A New Definition of "Small"

Jamie Lincoln Kitman

Jamie Lincoln Kitman | Nov 13, 2014

If I was feeling crueler or perhaps just more energetic I could bore you within an inch of your life by offering a detailed explanation of the federal government’s new (as of 2012) CAFÉ – or Corporate Average Fuel Economy – standards and their workings, the fruits of which are just now becoming clear. Suffice it to say the new rules – worked out by the Obama administration in close consultation with the automobile industry -- counter-intuitively appear to encourage not just the more fuel-efficient cars we’ve heard about (54mpg by 2025!) but also the continued reign of big pickups and SUVs, the sort that the headlines might have led alarmists on the political right and even some of you greener types out there to imagine were going away. Though surely improved, American trucks still don’t get great gas mileage and they won’t, but guess what? They’re here to stay.

Small is relative. (Adapted from "Apatosaurus scale" by mmartyniuk, Wikipedia)
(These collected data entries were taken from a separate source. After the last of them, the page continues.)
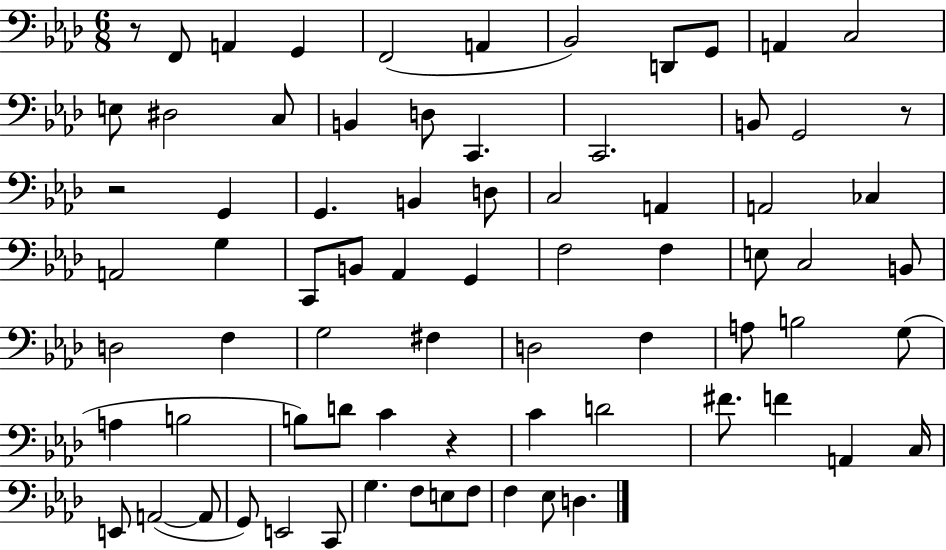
{
  \clef bass
  \numericTimeSignature
  \time 6/8
  \key aes \major
  r8 f,8 a,4 g,4 | f,2( a,4 | bes,2) d,8 g,8 | a,4 c2 | \break e8 dis2 c8 | b,4 d8 c,4. | c,2. | b,8 g,2 r8 | \break r2 g,4 | g,4. b,4 d8 | c2 a,4 | a,2 ces4 | \break a,2 g4 | c,8 b,8 aes,4 g,4 | f2 f4 | e8 c2 b,8 | \break d2 f4 | g2 fis4 | d2 f4 | a8 b2 g8( | \break a4 b2 | b8) d'8 c'4 r4 | c'4 d'2 | fis'8. f'4 a,4 c16 | \break e,8 a,2~(~ a,8 | g,8) e,2 c,8 | g4. f8 e8 f8 | f4 ees8 d4. | \break \bar "|."
}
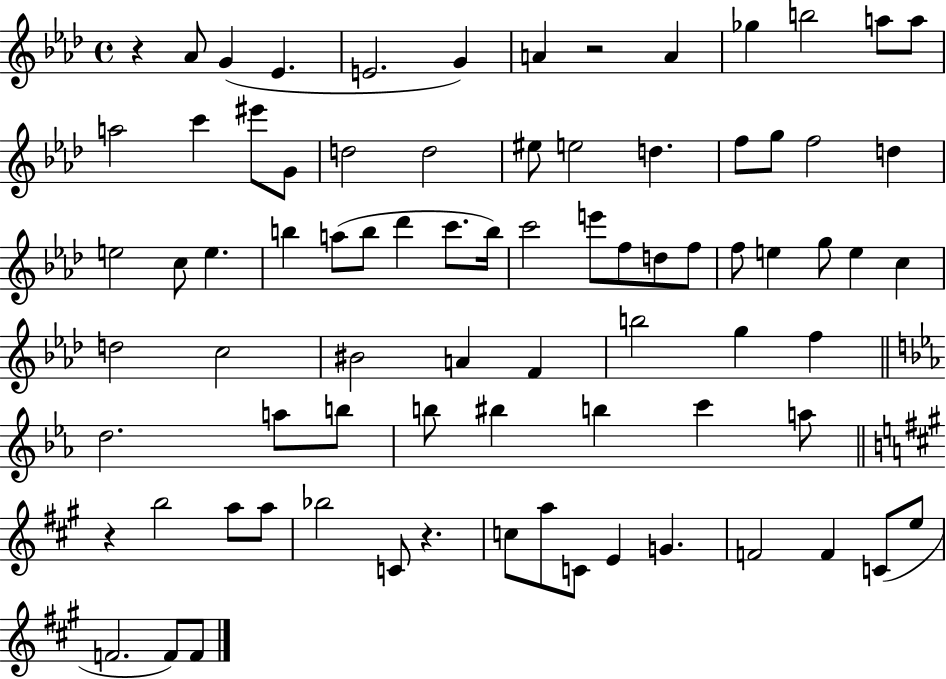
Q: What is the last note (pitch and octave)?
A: F4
A case in point would be the new “baby” GMC Canyon four-door pickup I’ve been driving this week, or its big-boned twin sister, the Chevrolet Colorado. With four full doors and high-riding, four-wheel-drive, the new, “small” GM pickup I drove stretches close to 19-feet long and weighs 4,400 lbs., which is a quite a bit larger than previous “small” GM pickups and not really what you’d call small by any definition. In 2005, an automotive generation ago, for instance, even the biggest of crew cab Colorado’s were about a foot shorter and 700 lbs. lighter. Preceding generations of small GM pickups were even more petite.

Who are you calling big-boned? The Chevrolet Colorado. (General Motors)
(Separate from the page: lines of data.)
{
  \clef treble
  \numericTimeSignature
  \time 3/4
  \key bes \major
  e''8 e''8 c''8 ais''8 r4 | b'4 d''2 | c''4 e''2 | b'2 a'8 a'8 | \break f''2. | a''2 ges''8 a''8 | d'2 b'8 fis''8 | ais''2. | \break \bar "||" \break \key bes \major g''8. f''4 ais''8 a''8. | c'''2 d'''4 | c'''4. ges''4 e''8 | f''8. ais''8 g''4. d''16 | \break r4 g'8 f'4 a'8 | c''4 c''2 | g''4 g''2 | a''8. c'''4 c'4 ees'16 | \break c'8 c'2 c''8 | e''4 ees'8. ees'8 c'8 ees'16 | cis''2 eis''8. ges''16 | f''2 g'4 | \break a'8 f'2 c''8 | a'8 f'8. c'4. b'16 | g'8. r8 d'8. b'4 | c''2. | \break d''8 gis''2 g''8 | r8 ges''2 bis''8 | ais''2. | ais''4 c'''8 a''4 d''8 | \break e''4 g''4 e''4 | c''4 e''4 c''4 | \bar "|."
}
What gives? Well, for one, there’s this thing about these government/private partnerships and the modern regulatory state that anti-government critics tend to forget. The private side of the equation inevitably helps write the regulations they will attempt to live by and in the effort to make them as delightful and bearable as possible for themselves, they usually make sure to get what they want. Pickup trucks and SUVs were too profitable to get sent the way of the DeSoto and find themselves forcibly marched into oblivion. Hence, a new regulatory scheme that encourages pickups and SUVS – still the primary engine of American automakers’ profitability – to stay large while discouraging lighter and often equally or more practical station wagons and cars.
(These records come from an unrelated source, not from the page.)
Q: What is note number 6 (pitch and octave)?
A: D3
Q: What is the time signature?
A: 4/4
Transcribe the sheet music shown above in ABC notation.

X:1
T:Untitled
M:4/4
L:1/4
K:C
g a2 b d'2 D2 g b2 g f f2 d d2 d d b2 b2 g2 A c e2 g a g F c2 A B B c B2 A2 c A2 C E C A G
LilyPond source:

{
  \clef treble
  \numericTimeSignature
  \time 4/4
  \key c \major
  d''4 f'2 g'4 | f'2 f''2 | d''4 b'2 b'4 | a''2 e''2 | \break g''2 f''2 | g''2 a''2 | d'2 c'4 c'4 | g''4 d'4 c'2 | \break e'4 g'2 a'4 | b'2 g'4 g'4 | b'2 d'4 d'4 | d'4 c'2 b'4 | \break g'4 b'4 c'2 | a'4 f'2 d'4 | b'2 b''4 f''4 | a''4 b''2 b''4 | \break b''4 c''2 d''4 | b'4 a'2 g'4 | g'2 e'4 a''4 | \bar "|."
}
It would, of course, be disingenuous to ignore that many Americans want their rigs big – given half the chance (i.e, cheap credit, easy terms and falling gas prices) we revert back to type and order them up by the hundred thousand-load. As always, Detroit is ready to accommodate us. For the simple reason that they’ve spent almost a century conditioning people to pay more for big things than small ones, even if big ones cost more or less the same to manufacture as small ones.

What’s harder to fathom is why America’s newest small pickup had to be quite so big. Though they’ve been trimming weight from their so-called full-size trucks, they’re still huge and you would’ve thought they already had the big and tall market covered. But as the Toyota Tacoma and Nissan Frontier continue to grow ever larger and with the Ford Ranger no longer on sale, GM decided it was time to let out the Colorado/Canyon’s waistband once again.

Like you haven't put on a few since high school? The GMC Canyon. (General Motors)

Its build quality seems considerably improved over small Chevy pickups of the past. The materials gracing its interior have come up two or three notches from the depths of their former crappiness to stand as pleasingly average. And the truck I drove claimed 24 highway miles per gallon, a 3-mpg improvement over its similarly equipped 2005 predecessor. However, over 235 miles of mostly highway driving I never broke 20mpg. But even if I had, this is not exactly earth shattering, Save the Planet stuff.

It has been said that only an idiot drives a pickup truck in New York as personal transportation. And one day last week, just after taking delivery of the Canyon at my suburban home, I had no choice but to become that idiot. Running late for a lunch meeting I ventured into Midtown Manhattan in the Canyon 4x4. My feeling of mild, subdued embarrassment quickly turned to irritation and then outright anger when I was turned away by four, consecutive underground garages with vacant spaces on the grounds that my “small” pickup was too large for them to house. Finally, I found a spot that would lodge my butch charge while I went to my meeting. Except they wanted me to pay them a 30-percent “oversized vehicle surcharge.”

It's small enough to fit into a compact space; therefore it must be a compact car. (Casey Bisson, Flickr)

“But,” I protested, “this is the new small GM pickup!” The South American attendants looked at me like I was crazy, made identical hand gestures to indicate “muy grande” and then cracked up laughing. I had to smile myself, just as I did when I came home and attempted to park the Canyon in the parking space that often comfortably houses my quite large 1968 International Travelall. The GMC stuck half a foot out into the street.

Other than, wow, my only conclusion is that there’s got to be a market out there for a still smaller pickup than the Canyon/Colorado, the kind of small, handy thing they used to sell by the shedload. Or perhaps those new CAFÉ regs don’t allow them to build them. It wouldn’t surprise me.